Fourteen members of the Houston delegation of the Texas House have penned a letter in which they ask members of the Houston City Council to support the City of Houston’s participation in a lawsuit questioning the constitutionality of the “show me your papers” law signed by Greg Abbott, Senate Bill 4. The law would allow untrained local cops to question a person’s citizenship based on little else than the look of a person.
Pointing to the intent of SB4 as a racial profiling law, the members of the legislature state that over 44 percent of Texas’ population is Latino, Asian-American, or Arab-American.
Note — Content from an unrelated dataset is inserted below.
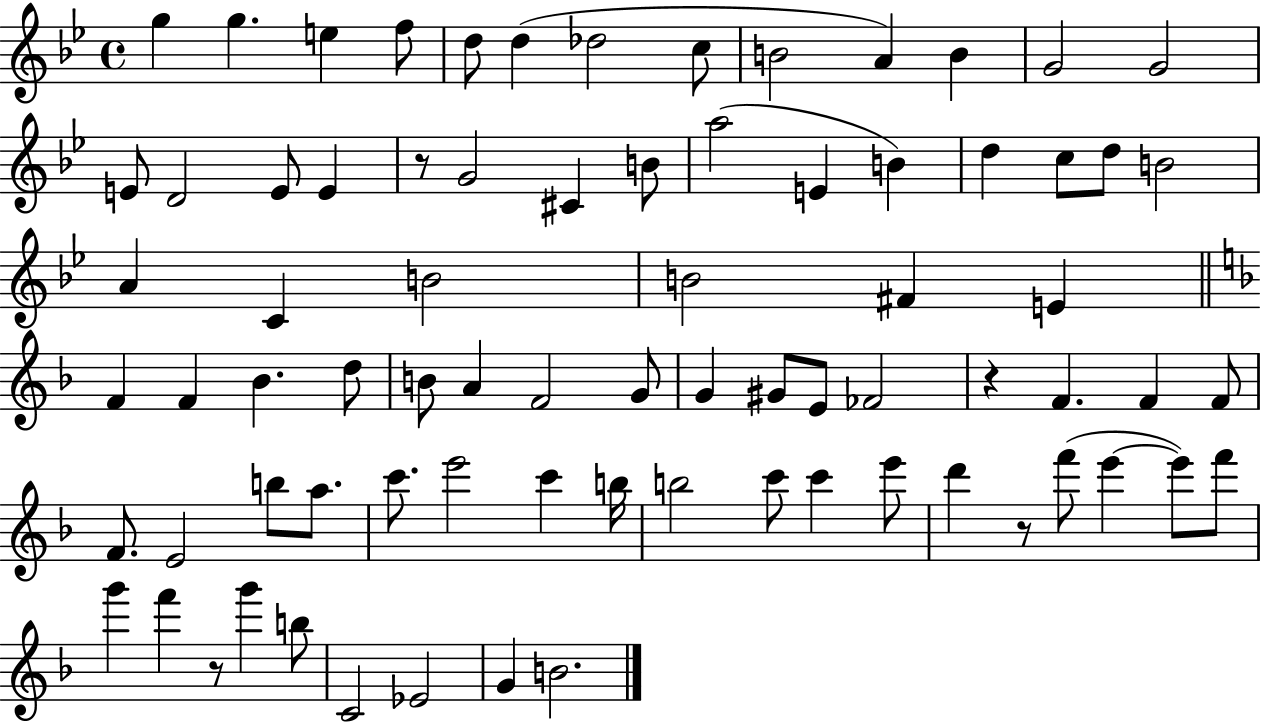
G5/q G5/q. E5/q F5/e D5/e D5/q Db5/h C5/e B4/h A4/q B4/q G4/h G4/h E4/e D4/h E4/e E4/q R/e G4/h C#4/q B4/e A5/h E4/q B4/q D5/q C5/e D5/e B4/h A4/q C4/q B4/h B4/h F#4/q E4/q F4/q F4/q Bb4/q. D5/e B4/e A4/q F4/h G4/e G4/q G#4/e E4/e FES4/h R/q F4/q. F4/q F4/e F4/e. E4/h B5/e A5/e. C6/e. E6/h C6/q B5/s B5/h C6/e C6/q E6/e D6/q R/e F6/e E6/q E6/e F6/e G6/q F6/q R/e G6/q B5/e C4/h Eb4/h G4/q B4/h.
Add to that the 11.5% that is African-American and nearly two-thirds of the population of Texas could be affected by racial profiling.
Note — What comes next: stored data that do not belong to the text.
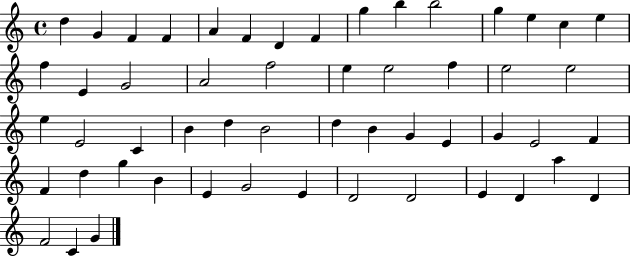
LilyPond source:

{
  \clef treble
  \time 4/4
  \defaultTimeSignature
  \key c \major
  d''4 g'4 f'4 f'4 | a'4 f'4 d'4 f'4 | g''4 b''4 b''2 | g''4 e''4 c''4 e''4 | \break f''4 e'4 g'2 | a'2 f''2 | e''4 e''2 f''4 | e''2 e''2 | \break e''4 e'2 c'4 | b'4 d''4 b'2 | d''4 b'4 g'4 e'4 | g'4 e'2 f'4 | \break f'4 d''4 g''4 b'4 | e'4 g'2 e'4 | d'2 d'2 | e'4 d'4 a''4 d'4 | \break f'2 c'4 g'4 | \bar "|."
}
The legislators also remind members of Council that such a law will send us down the road of past failures in anti-immigrant laws, such as California Prop 187 and Arizona’s SB1070.
Recent headcounts of City Council have shown a divided City Council. For a city that thrives on marketing its diversity, a divided City Council on an issue such as the constitutionality of legalized racial profiling will not make for a palatable, if not, “welcoming” city.
Thanks to these Texas legislators for taking a stand: Alma Allen, Carol Alvarado, Garnet Coleman, Harold Dutton, Jessica Farrar, Ana Hernandez, Jarvis Johnson, Mary Ann Perez, Ron Reynolds, Shawn Thierry, Senfronia Thompson, Hubert Vo, Armando Walle, Gene Wu.